Collection entries
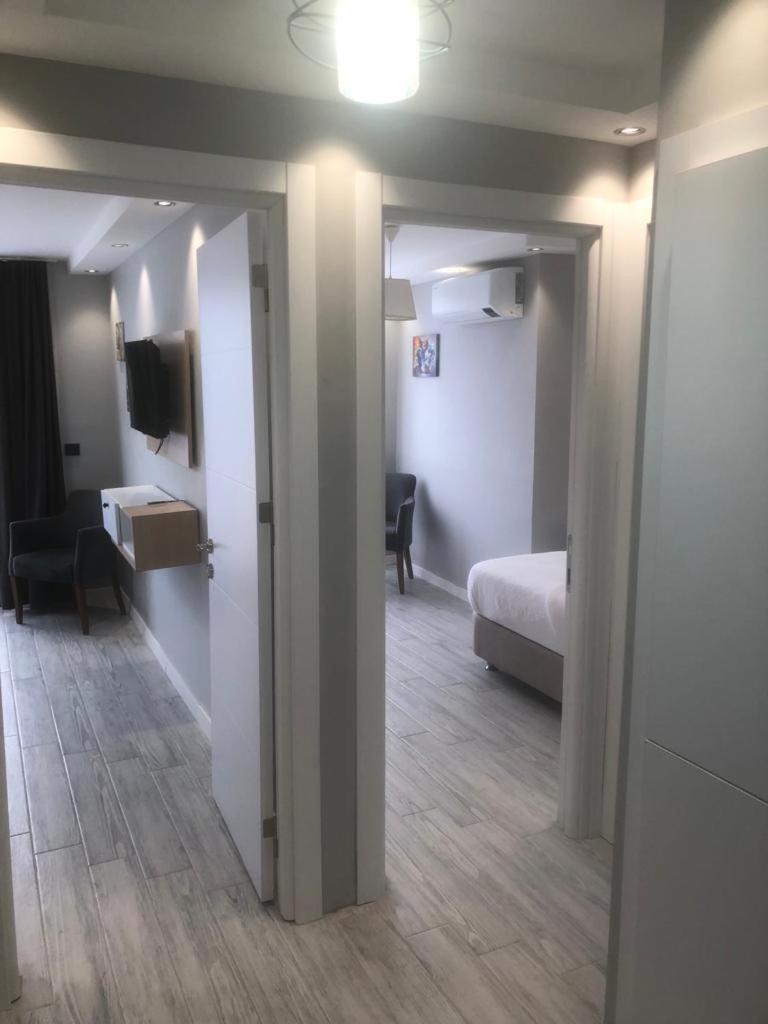 Bomonti Solo Exclusive Designed Hotel イスタンブール エクステリア 写真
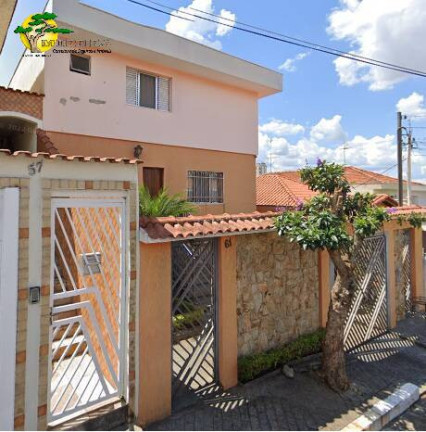 Sobrado com 3 Quartos à Venda, 180 m² em Jardim Do Colegio (zona Norte) - São Paulo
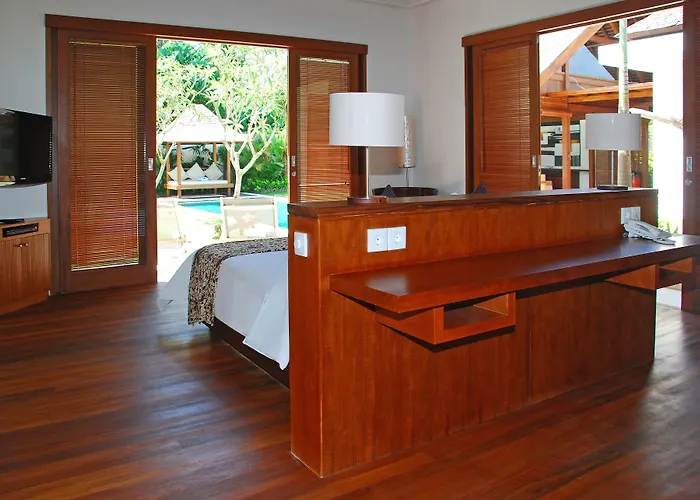Saba Hotel
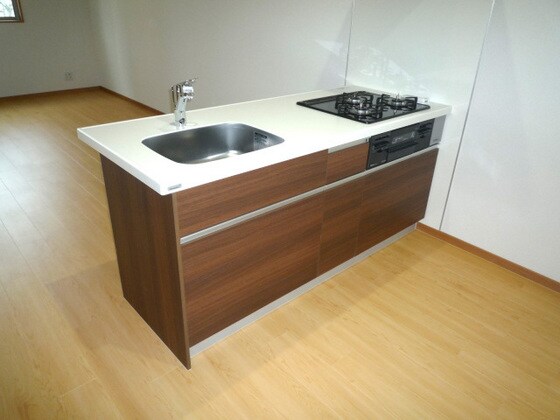 物件内観写真3　(※別号室写真です)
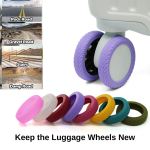 宠物轮罩供应商-防噪音硅胶耐用保护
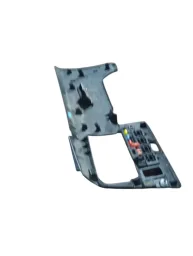 Tampa Fusivel Interna Painel Citroën C4 2007/2012 (Usado)
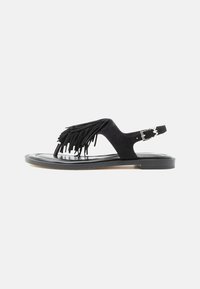 Επιλέχθηκε, black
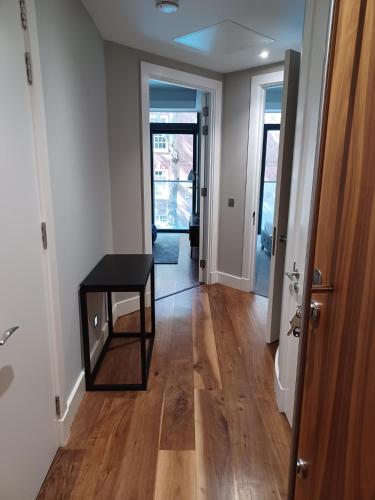 Apartamento de 1 dormitorio del hotel Grays Inn by Aeria Apartments. Foto 4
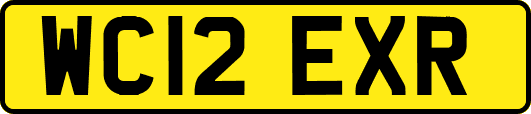 WC12EXR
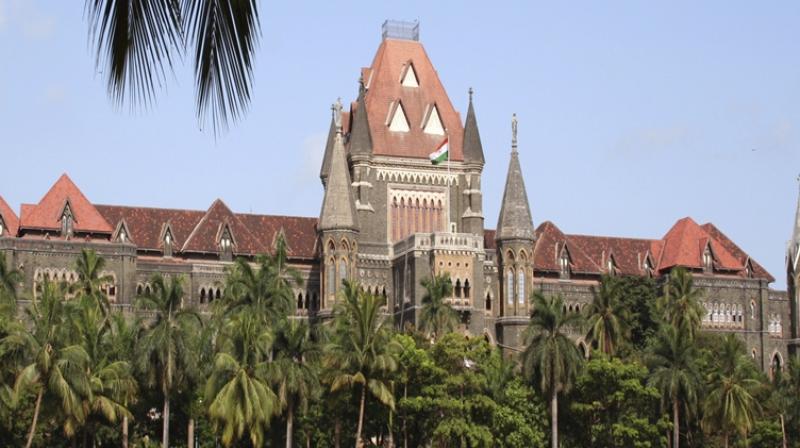 Bombay High Court Bombay High Court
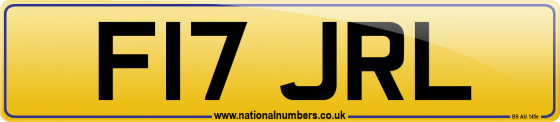 F17 JRL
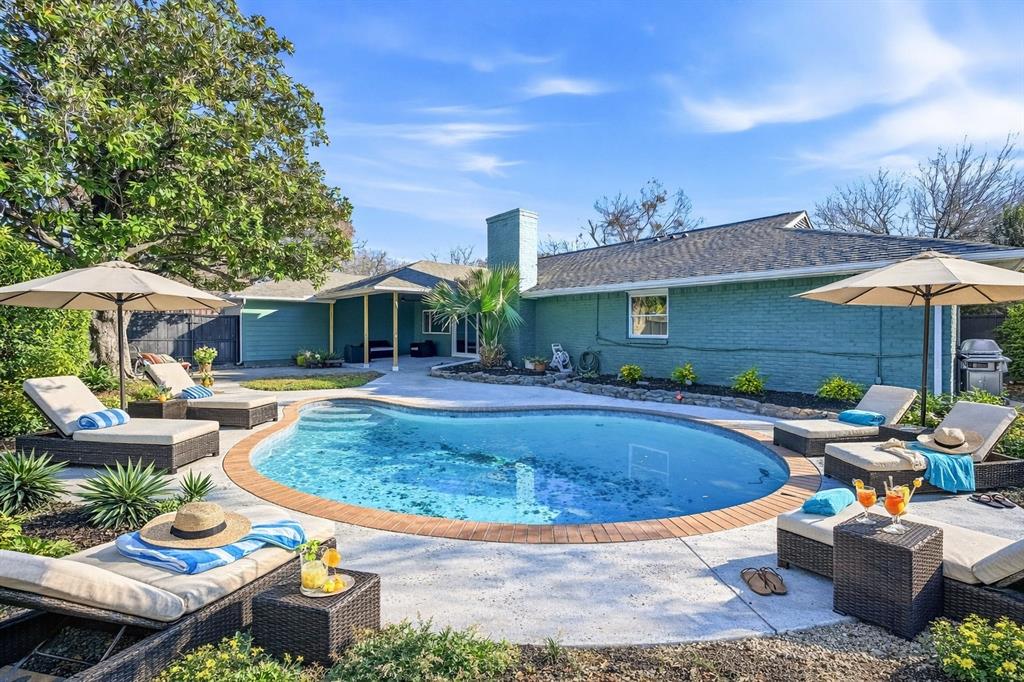 Glen Cove East Sec 01 - Residential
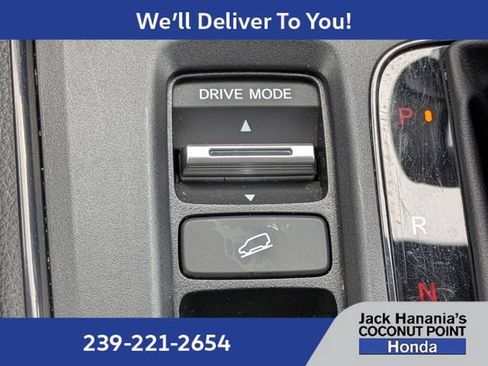 Used 2024 Honda CR-V Sport-L image 32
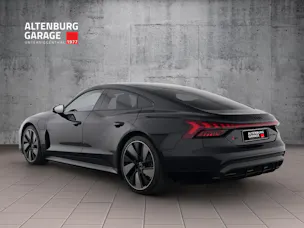 Audi RS e-tron GT quattro Carbon Optik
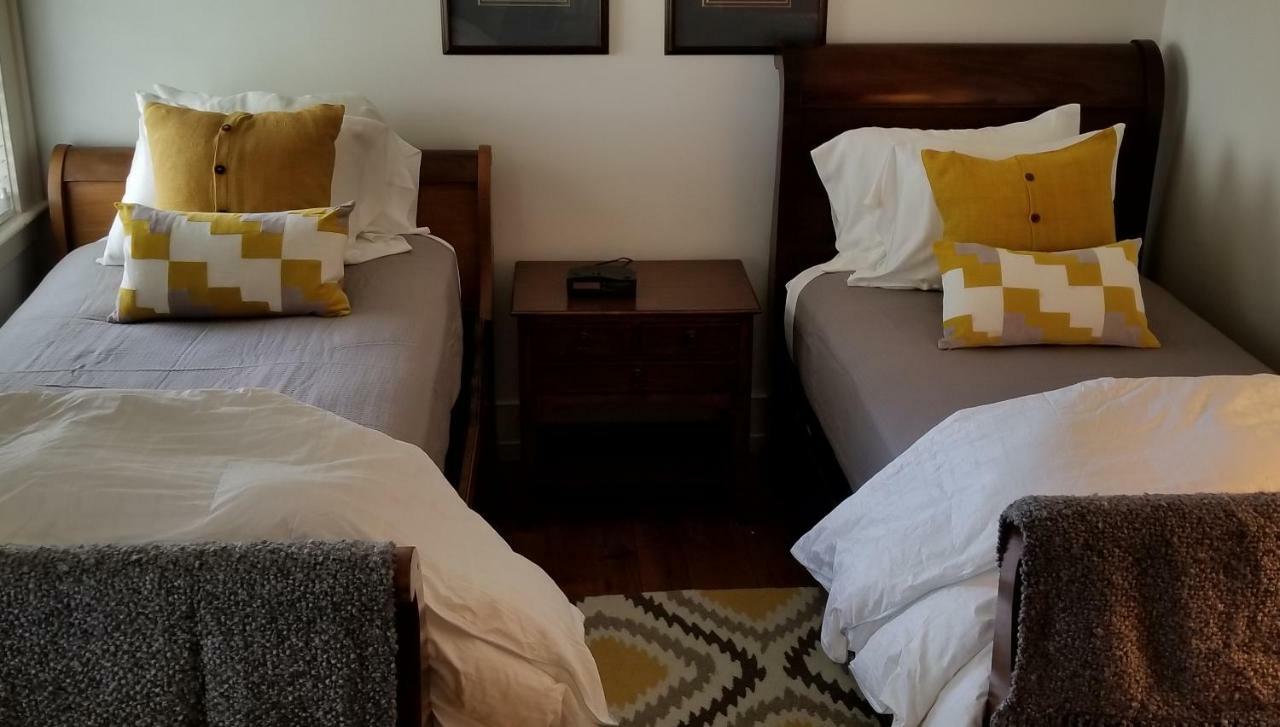 The Inn At White Hollow Farm Salisbury Esterno foto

EXERCISE AIM
Print the entries above exactly, leaving pictures out.

SOLUTION
 Bomonti Solo Exclusive Designed Hotel イスタンブール エクステリア 写真
 Sobrado com 3 Quartos à Venda, 180 m² em Jardim Do Colegio (zona Norte) - São Paulo
Saba Hotel
 物件内観写真3　(※別号室写真です)
 宠物轮罩供应商-防噪音硅胶耐用保护
 Tampa Fusivel Interna Painel Citroën C4 2007/2012 (Usado)
 Επιλέχθηκε, black
 Apartamento de 1 dormitorio del hotel Grays Inn by Aeria Apartments. Foto 4
 WC12EXR
 Bombay High Court Bombay High Court
 F17 JRL
 Glen Cove East Sec 01 - Residential
 Used 2024 Honda CR-V Sport-L image 32
 Audi RS e-tron GT quattro Carbon Optik
 The Inn At White Hollow Farm Salisbury Esterno foto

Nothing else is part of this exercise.